GOING BANANAS + AGROUND


CREATIVE FIELDS
Architectural Design Studio Project
Public Facility
Landscape

MEDIUM
3dMax + Vray
Illustrator + Photoshop
AutoCAD
Physical Model Making

LOCATION
Klong Pak Nam
Samutprakan
Thailand

DATE
2009


Going Bananas

The proposal represents and symbolizes the new cultural centrality for the Klong Pak Nam community offering programs for an urban market, gathering community space, and banana garden.
        
Going Banana creates a space that establishes a strong link with the park away from the traffic and chaos in the nearby main road.
        
The impressive T-square typology of the selected site that is being suppressed by all sides by the taut vertical concrete jungle surroundings, aside from the southwest elevation facing the canal and the Aground Hotel allow the canopy design to contradict immensely on the visual impact it created.

 


Aground

‘Agrond’ The four-story hotel design, a canal side habitat is located in the Samuthprakan district.  It has a large terrace on the top floor with an apparent element on all three levels: terraces and patios, which allow the interior to be connected with the exterior.

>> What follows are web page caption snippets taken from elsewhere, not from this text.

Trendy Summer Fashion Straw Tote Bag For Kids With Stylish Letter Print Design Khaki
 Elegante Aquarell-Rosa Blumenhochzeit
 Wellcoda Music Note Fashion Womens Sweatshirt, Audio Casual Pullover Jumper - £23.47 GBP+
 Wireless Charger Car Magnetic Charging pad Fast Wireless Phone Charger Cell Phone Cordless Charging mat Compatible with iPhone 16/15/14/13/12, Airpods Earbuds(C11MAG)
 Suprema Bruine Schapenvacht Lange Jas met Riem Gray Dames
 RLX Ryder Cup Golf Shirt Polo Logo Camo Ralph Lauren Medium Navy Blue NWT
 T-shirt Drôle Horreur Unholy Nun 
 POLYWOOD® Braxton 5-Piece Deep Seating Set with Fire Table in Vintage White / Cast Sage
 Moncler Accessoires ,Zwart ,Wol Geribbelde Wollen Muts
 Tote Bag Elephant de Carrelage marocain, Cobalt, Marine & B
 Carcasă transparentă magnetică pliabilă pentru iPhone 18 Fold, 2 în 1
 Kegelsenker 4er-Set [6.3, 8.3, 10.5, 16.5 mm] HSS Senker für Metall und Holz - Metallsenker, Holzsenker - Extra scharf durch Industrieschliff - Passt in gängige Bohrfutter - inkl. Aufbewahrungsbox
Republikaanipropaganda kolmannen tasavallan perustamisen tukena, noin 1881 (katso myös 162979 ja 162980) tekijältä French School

These openings provide many rooms with not only passive ventilation or entrances to their individual room, but at the same time increase the amount of natural lighting being accessed into the building throughout the day. When a user comes out of the room, natural breeze and warm light will be the first thing one will encounter.

The form of my hotel has come from the concept of Thai boats that back in the days usually floats in the canal but nowadays, they seems to appear mostly in the ‘Talad-Num’ area or the’ water market’. Back in the old days there used to be many wooden boats, because the canal is the major circulation transportation system in Thailand. They often collide each other. Therefore, I make use of this daily lives activities as an inspiration to my design.

The scenario of two boats crashed, and the hotel comes into being, which metaphorically can be understood as if this wreckage is an interpretation of the obsolete way of transportation.